◆ **Required work**: Below are the records; copy exactly the stretch from the line containing "Celestial Fire Glass" through the line containing "Obraz na płótnie", both ends included, and nothing else.

◆ **Provided data**:
------------------------------------------------

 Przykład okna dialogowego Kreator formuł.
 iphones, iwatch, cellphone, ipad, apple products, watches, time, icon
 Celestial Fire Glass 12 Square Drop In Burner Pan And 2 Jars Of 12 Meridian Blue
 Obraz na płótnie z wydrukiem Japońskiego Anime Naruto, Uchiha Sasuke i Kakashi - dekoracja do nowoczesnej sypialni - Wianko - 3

------------------------------------------------

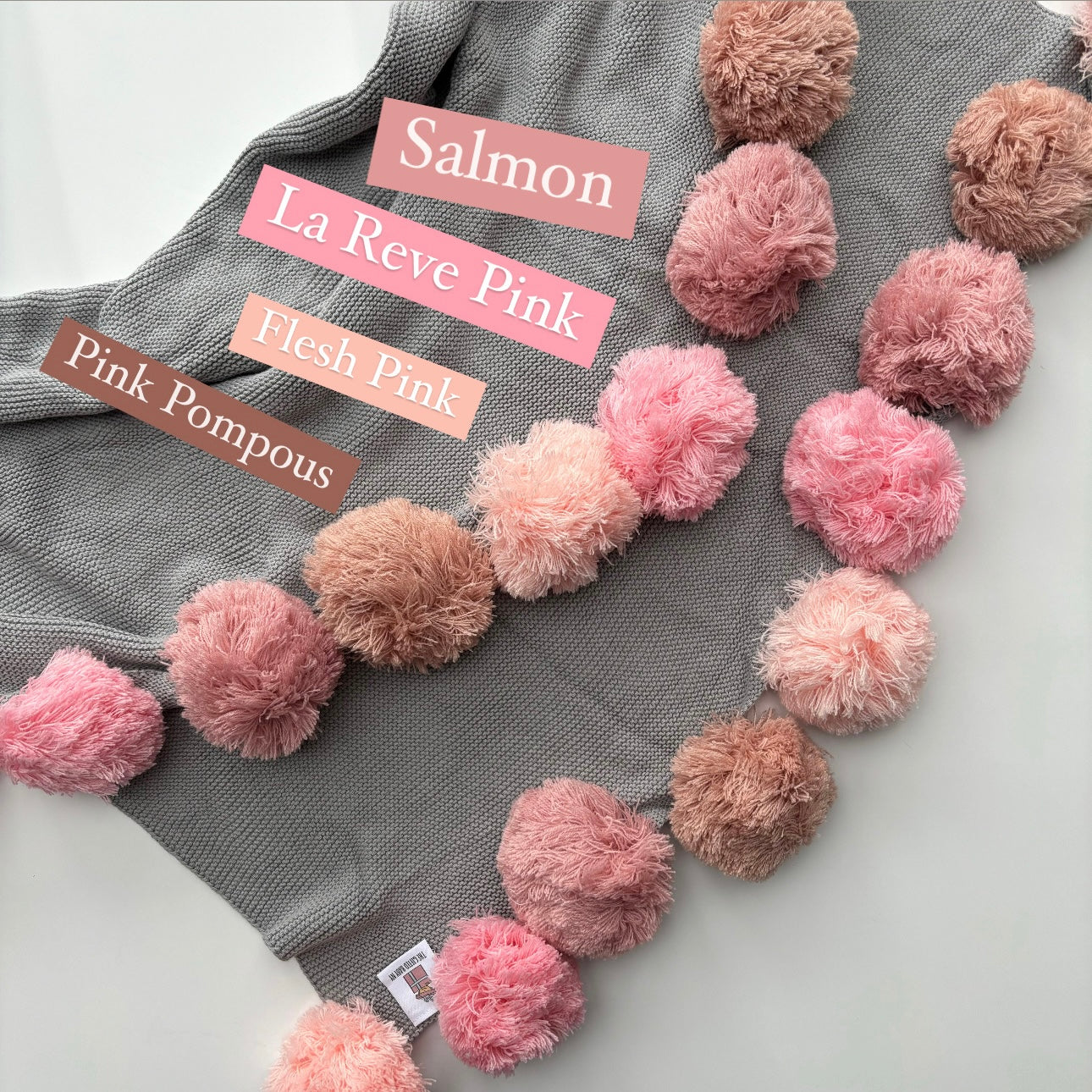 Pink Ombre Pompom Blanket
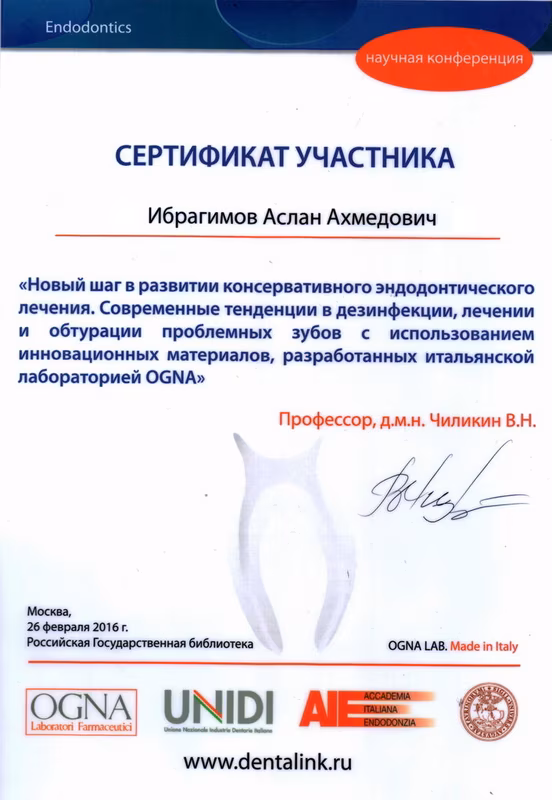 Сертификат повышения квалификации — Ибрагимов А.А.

------------------------------------------------

◆ **Task solution**:
 Celestial Fire Glass 12 Square Drop In Burner Pan And 2 Jars Of 12 Meridian Blue
 Obraz na płótnie z wydrukiem Japońskiego Anime Naruto, Uchiha Sasuke i Kakashi - dekoracja do nowoczesnej sypialni - Wianko - 3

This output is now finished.